**What you should do:** The records below hold a stretch from the line with "Imagen de ayer" through the line with "Áo khoác Jeans"; return exactly those lines, ends included, and nothing more.

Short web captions
....
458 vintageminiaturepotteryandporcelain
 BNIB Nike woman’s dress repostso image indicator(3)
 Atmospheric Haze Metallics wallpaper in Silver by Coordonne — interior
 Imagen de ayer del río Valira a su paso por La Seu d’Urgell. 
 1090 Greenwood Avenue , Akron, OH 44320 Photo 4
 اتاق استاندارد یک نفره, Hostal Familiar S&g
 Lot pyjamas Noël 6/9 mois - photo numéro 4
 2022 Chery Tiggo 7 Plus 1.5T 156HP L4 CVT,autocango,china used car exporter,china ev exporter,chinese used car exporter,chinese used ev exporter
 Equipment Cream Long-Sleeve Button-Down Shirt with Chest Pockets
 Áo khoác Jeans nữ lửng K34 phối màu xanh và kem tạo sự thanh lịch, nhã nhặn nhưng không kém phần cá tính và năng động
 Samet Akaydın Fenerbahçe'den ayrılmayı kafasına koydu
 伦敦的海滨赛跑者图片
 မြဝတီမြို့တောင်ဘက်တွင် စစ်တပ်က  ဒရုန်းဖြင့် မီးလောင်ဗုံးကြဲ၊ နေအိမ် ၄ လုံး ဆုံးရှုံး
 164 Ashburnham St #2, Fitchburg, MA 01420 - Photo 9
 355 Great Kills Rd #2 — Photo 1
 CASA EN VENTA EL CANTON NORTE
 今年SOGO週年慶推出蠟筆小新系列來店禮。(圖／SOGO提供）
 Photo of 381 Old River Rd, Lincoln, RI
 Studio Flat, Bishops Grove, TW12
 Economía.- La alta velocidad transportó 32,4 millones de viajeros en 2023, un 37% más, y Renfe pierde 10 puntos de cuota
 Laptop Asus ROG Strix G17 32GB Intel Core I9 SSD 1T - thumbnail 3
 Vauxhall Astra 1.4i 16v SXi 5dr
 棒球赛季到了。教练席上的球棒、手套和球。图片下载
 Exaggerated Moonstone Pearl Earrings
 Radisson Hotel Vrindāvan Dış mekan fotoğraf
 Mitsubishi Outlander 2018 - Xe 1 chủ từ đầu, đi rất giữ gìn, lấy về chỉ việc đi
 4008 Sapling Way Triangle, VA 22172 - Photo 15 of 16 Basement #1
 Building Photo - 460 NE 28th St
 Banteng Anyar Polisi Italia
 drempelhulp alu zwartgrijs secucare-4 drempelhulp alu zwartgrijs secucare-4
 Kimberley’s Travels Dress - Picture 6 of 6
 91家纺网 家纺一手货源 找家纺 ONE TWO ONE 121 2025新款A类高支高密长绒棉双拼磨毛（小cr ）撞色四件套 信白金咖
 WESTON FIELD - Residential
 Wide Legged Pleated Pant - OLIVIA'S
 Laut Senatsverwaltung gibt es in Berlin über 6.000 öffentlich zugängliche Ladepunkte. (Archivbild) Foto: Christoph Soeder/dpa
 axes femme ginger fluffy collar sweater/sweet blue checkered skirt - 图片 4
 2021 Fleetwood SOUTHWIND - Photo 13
....
**Solution for this problem:**
 Imagen de ayer del río Valira a su paso por La Seu d’Urgell. 
 1090 Greenwood Avenue , Akron, OH 44320 Photo 4
 اتاق استاندارد یک نفره, Hostal Familiar S&g
 Lot pyjamas Noël 6/9 mois - photo numéro 4
 2022 Chery Tiggo 7 Plus 1.5T 156HP L4 CVT,autocango,china used car exporter,china ev exporter,chinese used car exporter,chinese used ev exporter
 Equipment Cream Long-Sleeve Button-Down Shirt with Chest Pockets
 Áo khoác Jeans nữ lửng K34 phối màu xanh và kem tạo sự thanh lịch, nhã nhặn nhưng không kém phần cá tính và năng động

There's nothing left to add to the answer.